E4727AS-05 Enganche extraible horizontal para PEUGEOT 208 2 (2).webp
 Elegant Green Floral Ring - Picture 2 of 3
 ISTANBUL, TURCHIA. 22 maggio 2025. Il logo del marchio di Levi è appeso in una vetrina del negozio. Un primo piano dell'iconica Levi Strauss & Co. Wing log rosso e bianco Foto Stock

• [TASK GOAL]: Return the data in its entirety, exactly as given.

• [OUTPUT]:
E4727AS-05 Enganche extraible horizontal para PEUGEOT 208 2 (2).webp
 Elegant Green Floral Ring - Picture 2 of 3
 ISTANBUL, TURCHIA. 22 maggio 2025. Il logo del marchio di Levi è appeso in una vetrina del negozio. Un primo piano dell'iconica Levi Strauss & Co. Wing log rosso e bianco Foto Stock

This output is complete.